L’intenso odore di piscio sulle scale era rivoltante e l’ispettore si chiese come avesse potuto Padre Juan vivere per tanti anni in quel posto tanto sordido.
Salendo gli ultimi gradini a due a due, si ritrovò sul pianerottolo del terzo piano, quello dell’appartamento del prete, con le tempie pulsanti e una frequenza cardiaca tambureggiante.
«Tutto bene, ispettore?» chiese lo Slavo, guardandosi in giro alla ricerca di un interruttore per illuminare il corridoio.
«S-sì, più o meno» rispose Castillo, piegato sulle ginocchia alla ricerca di ossigeno.
Le giornate trascorse a letto non avevano certamente giovato ai suoi polmoni e si ripromise, per l’ennesima volta, di iniziare di lì a breve un programma di allenamento per recuperare almeno in parte la forma fisica perduta.

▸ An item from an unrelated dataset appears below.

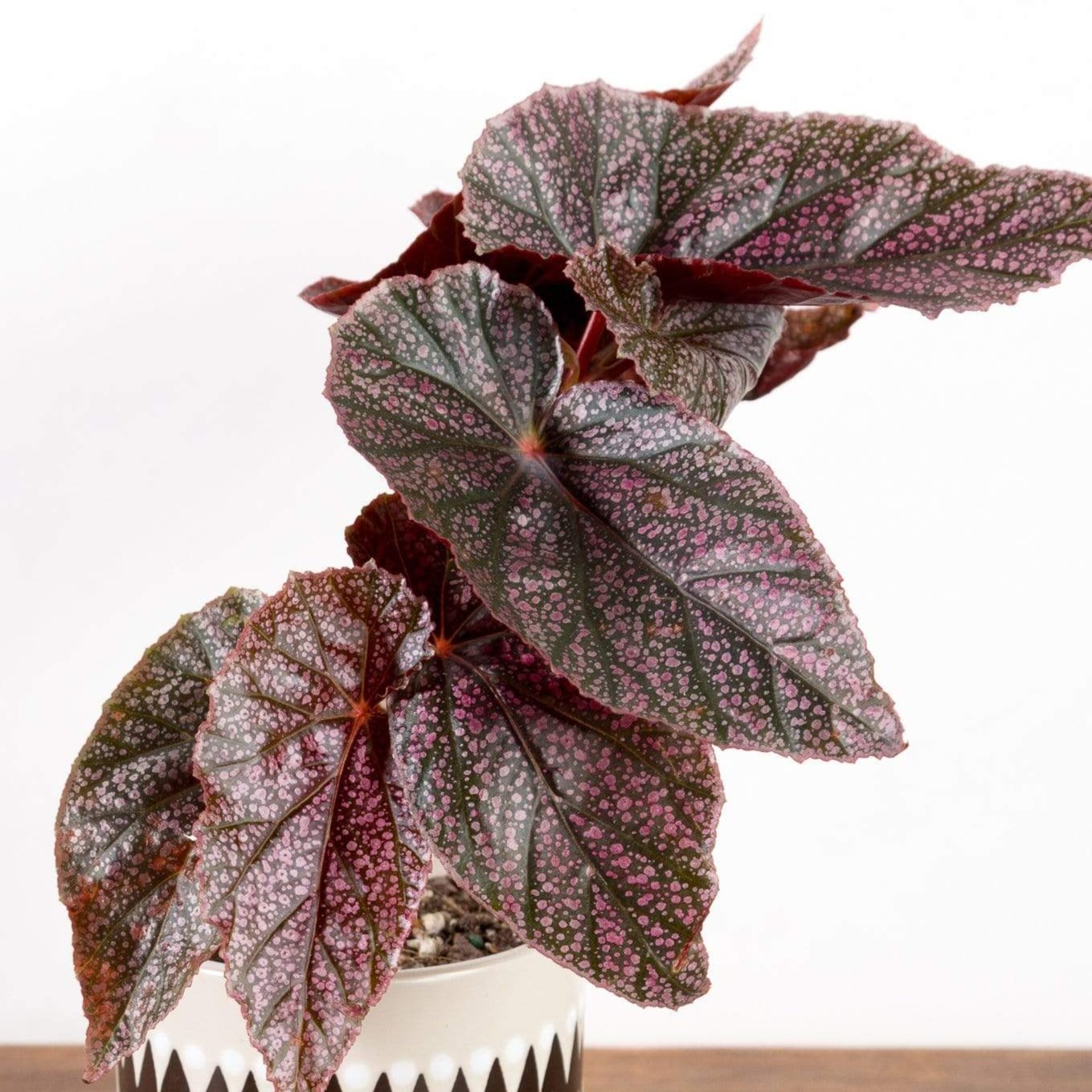 Begonia 'Miss Mummy' - Urban Sprouts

Lo Slavo, accesa la luce, esaminò tutte le porte del corridoio, leggendo il nome dell’inquilino sulla targhetta esposta, fino a che trovò quella giusta.

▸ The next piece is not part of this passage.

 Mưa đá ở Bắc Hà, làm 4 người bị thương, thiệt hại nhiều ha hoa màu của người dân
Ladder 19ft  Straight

«Ci siamo, questa è la casa di Padre Juan» disse indicando una porta di color marrone scuro.
Castillo si limitò a un cenno d’assenso.
Lo Slavo estrasse dalla tasca anteriore dei suoi jeans slavati un passepartout di metallo, ma prima che potesse tentare di infilarlo nella serratura fu interrotto dalla voce tuonante dell’ispettore.

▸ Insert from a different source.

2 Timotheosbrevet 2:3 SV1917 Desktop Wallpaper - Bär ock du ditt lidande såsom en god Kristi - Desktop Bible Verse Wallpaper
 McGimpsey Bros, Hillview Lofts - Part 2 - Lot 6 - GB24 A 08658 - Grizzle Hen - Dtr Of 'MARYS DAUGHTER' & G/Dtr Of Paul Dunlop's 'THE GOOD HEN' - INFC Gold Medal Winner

«P-Proviamo a suonare il campanello, prima di fare s-stupidaggini. Non abbiamo alcuna a-autorizzazione per entrare, e l’ultima cosa che voglio è essere accusato di effrazione nella casa di un morto. È chiaro?».
Gli occhi di Castillo sembravano due tizzoni di carbone pronti ad alimentare la fiamma del falò interno che gli si sprigionava nella pancia quando le persone cui voleva bene - e lo Slavo apparteneva a questa categoria - si perdevano in stupidaggini che non riusciva a concepire.
Sorpreso per la violenza del tono dell’ispettore, lo Slavo si congelò, con la chiave a pochi centimetri dalla serratura.
Con due passi sorprendentemente felini, considerato lo stato con cui aveva terminato la salita delle scalinate, Castillo si frappose fra lui e la porta.
« Freeze, flight or fight. Tu hai scelto freeze» sussurrò l’ispettore, accennando un sorriso che voleva smorzare la tensione che si era involontariamente venuta a creare.